Friday, September 30, 2011

XSLT, entities, Java, Xalan...

Java
The Apache XML Project / Xalan-J
As already mentioned, I have been using XSLT and Xalan-J for quite a long while. It was recently that I was dealing with an HTML-related transform that used a lot of special characters.

Previously I blindly used to assume that named character references are a part of HTML, not defined for generic XML, so not available in XSLT files too. No big problem if numeric character references are available. But that time I had a good incentive to give it a better thought . After all, the very name of XML states extensibility. So what prevents us from getting named character references being defined for XSLT files too?

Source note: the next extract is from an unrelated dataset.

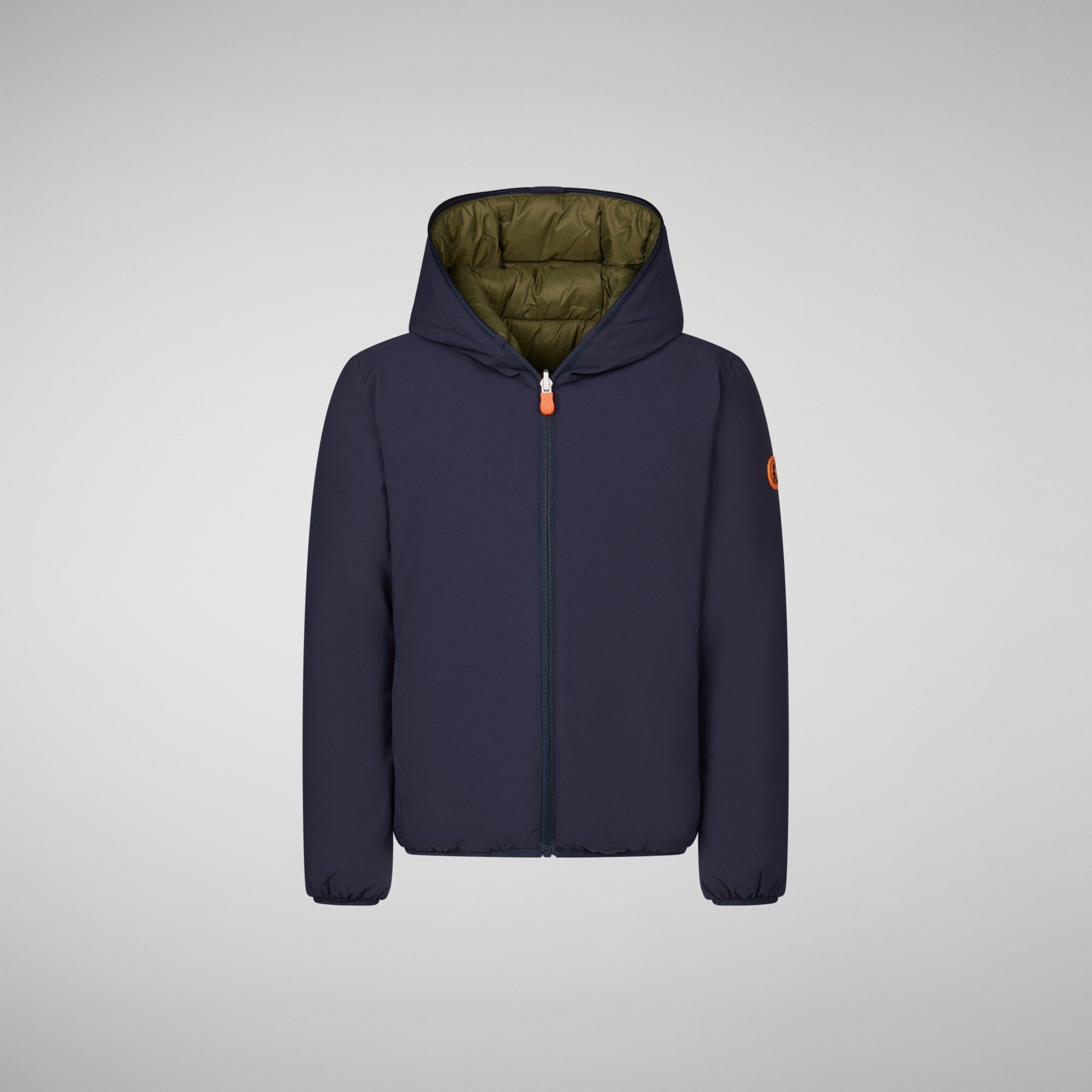 Boys' reversible hooded jacket Oliver in navy blue - Save The Duck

In fact, nothing prevents. An absolutely legal way to get them defined is to extend the document type declaration for XSLT, like this:
<?xml version="1.0" standalone="yes" ?>
<!DOCTYPE transform [
  <!ENTITY % w3centities-f PUBLIC "-//W3C//ENTITIES Combined Set//EN//XML"
      "http://www.w3.org/2003/entities/2007/w3centities-f.ent">
  %w3centities-f;
]>
<xsl:transform version="1.0"
    xmlns:xsl="http://www.w3.org/1999/XSL/Transform"
...

With this small modification the miracle happened, and named character references stopped complaining . Everything was fine, but, as one of the Murphy's laws states, "If everything seems to be going well, you have obviously overlooked something" .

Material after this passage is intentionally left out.